Na manhã de ontem, o relator do processo, ministro Alexandre de Moraes, recebeu os comediantes Fábio Porchat, Marcius Melhem e Bruno Mazzeo. Com bom humor, o trio buscou sensibilizar o magistrado em favor da liberdade de expressão. O questionamento jurídico está formalizado na Ação Direta de Inconstitucionalidade (Adin) 4451, proposta pela Associação Brasileira de Emissoras de Rádio e Televisão (Abert).
“Os dispositivos legais em questão não se coadunam com a sistemática constitucional das liberdades de expressão e de imprensa e do direito à informação, garantias institucionais verdadeiramente constitutivas da democracia brasileira”, argumenta a Abert. Taxando a legislação como censura, a associação defende a possibilidade da sátira com um elemento necessário para a construção de um ambiente eleitoral sadio.
“Assim, a ideia de um procedimento eleitoral justo não exclui, mas antes pressupõe, a existência de um livre, aberto e robusto mercado de ideias e informações, só alcançável nas sociedades que asseguram, em sua plenitude, as liberdades de expressão e de imprensa, e o direito difuso da cidadania à informação”, alinhava a Adin.
O analista de risco Paulo Kramer não vê graça na legislação antipiadas. E afirma: a sátira é um elemento da vida pública. “E para quem é liberal, como eu, é muito importante que os políticos temam a sátira, para que não se sintam muito à vontade em fazer o que querem com o dinheiro do contribuinte”, pondera. A irreverência é uma arma da democracia. Na ditadura militar, jornalistas e humoristas buscaram transmitir ideias pelo riso. “Millôr Fernandes brincava: ‘jornalismo é oposição; o resto é armazém de secos e molhados’”, cita.

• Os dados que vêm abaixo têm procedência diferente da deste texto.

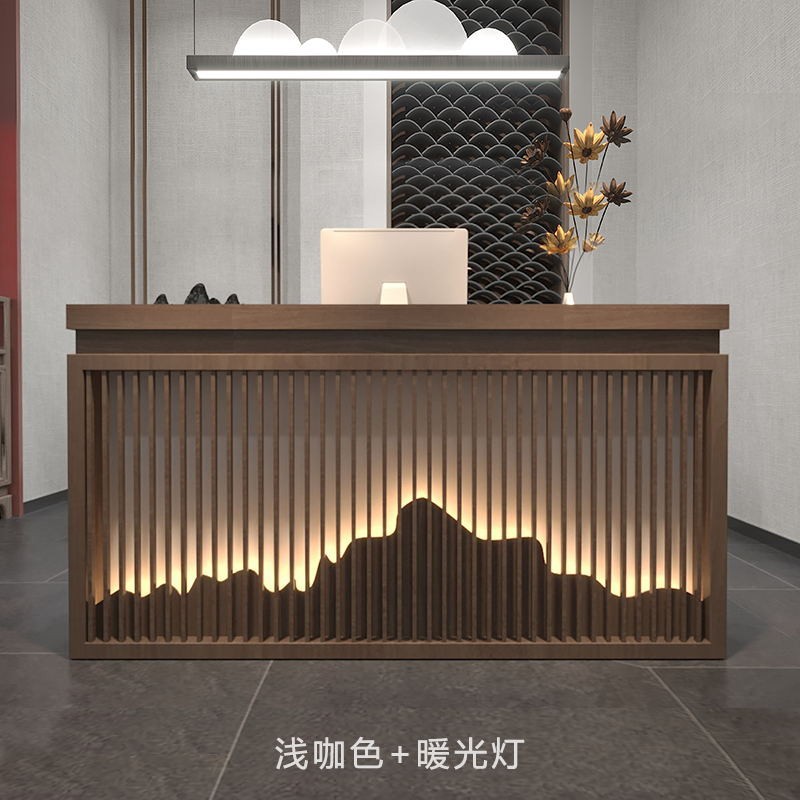 新中式收银台吧台公司前台接待台迎宾台采耳店理发店美容院收银台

O professor Ricardo Caldas, do Instituto de Ciência Política da Universidade de Brasília (UnB), também não ri com a mordaça proposta pelos políticos. No seu entender, a sátira é válida, mas não pode ultrapassar as fronteiras da grosseria, vulgaridade e difamação. Nestes casos, diz, cabe reparação.
Aos políticos, no entanto, não soa coerente a regalia de um campo de força contra os risos do povo. Muito menos nesse Brasil, onde as excelências protagonizam um stand up nada engraçado com escândalos de “suposta” corrupção e má administração dos serviços públicos.
Saiba Mais
Confira a piada (SQN):
“Art. 45. Encerrado o prazo para a realização das convenções no ano das eleições, é vedado às emissoras de rádio e televisão, em sua programação normal e em seu noticiário:
(…)II – usar trucagem, montagem ou outro recurso de áudio ou vídeo que, de qualquer forma, degradem ou ridicularizem candidato, partido ou coligação, ou produzir ou veicular programa com esse efeito;
III – veicular propaganda política ou difundir opinião favorável ou contrária a candidato, partido, coligação, a seus órgãos ou representantes”.